The metallic mineral potential of East Timor (e.g.) gold, silver, copper, chromite, etc., has yet to be investigated with modern, sophisticated exploration techniques. Given a stable, favorable fiscal and investment climate, both domestic and foreign companies can be attracted to explore for these minerals in this untested terrain.

A concise, clear and effective “mining law” containing internationally recognized fundamental principles and appropriate best practices would facilitate the management of this sector in a socially responsible manner. Complementary regulatory details regarding mineral title management and license-holder operating and reporting requirements can also be prepared simultaneously to clarify proper form, content and procedures for initial implementation.

It will be necessary to draft other Regulations and establish formal inter-Ministry and inter-jurisdictional protocols in the intermediate term as growth in this sector evolves.

3.     Comment on Current Mining Legislation

Indonesian Law No. 11 of 1967 and its supplementary regulations and contracts contained many attractive provisions for both domestic and foreign investors in Indonesia.

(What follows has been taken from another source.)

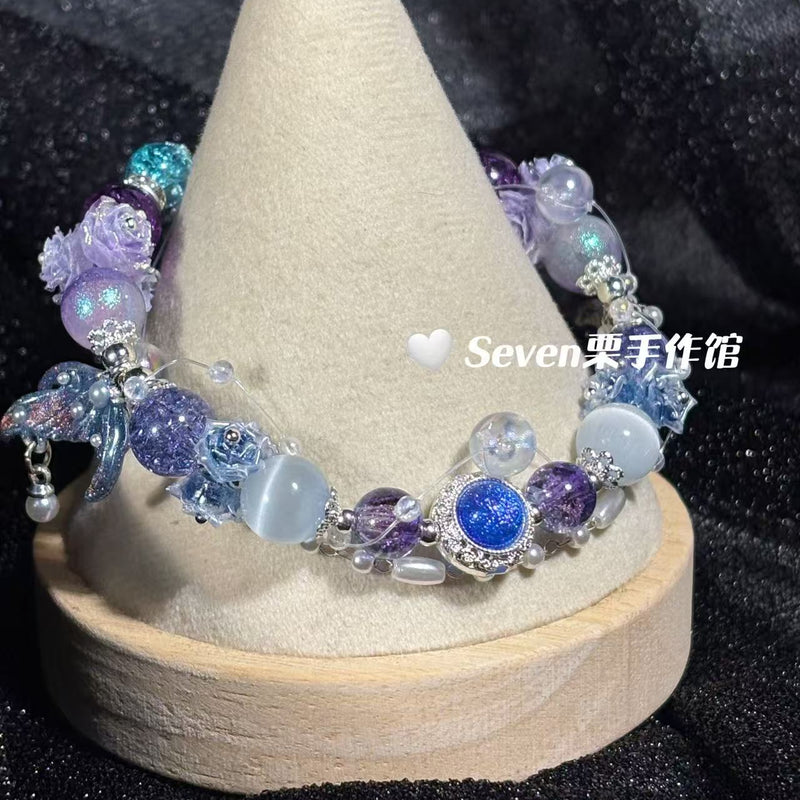 利莫里亚海神手链手工饰品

Over the thirty years of its successful implementation, its strengths were in the areas of security of mineral title and “nailed down” sector-specific tax and incentives stability for foreign investors. Its weaknesses were in the areas of contract secrecy and discrimination, and lack of environmental controls and guarantees, local community impact mitigation, and regional revenue-sharing provisions. The Government of Indonesia is currently in the process of drafting a new Mining Law that is more transparent, less discriminatory to domestic investors and much stronger in sector-specific social, environmental and regional autonomy provisions.

Certain attractive provisions from the Indonesian experience should be emulated, but Indonesian mining law is not a suitable model for the innovative legislation required to implement a new sustainable mining management structure for East Timor.

In the past decade, all mining nations have been forced to address three universal mineral policy imperatives:

a.      Increased global competition for foreign direct investment in mineral exploration and development projects,

b.      Increased pressure to meet new national and international social and environmental standards,

c.      Increased demand from impacted regional, local and traditional communities for more involvement in national decision-making that directly affects them, and a much greater share of the revenues generated from activities in their jurisdictions.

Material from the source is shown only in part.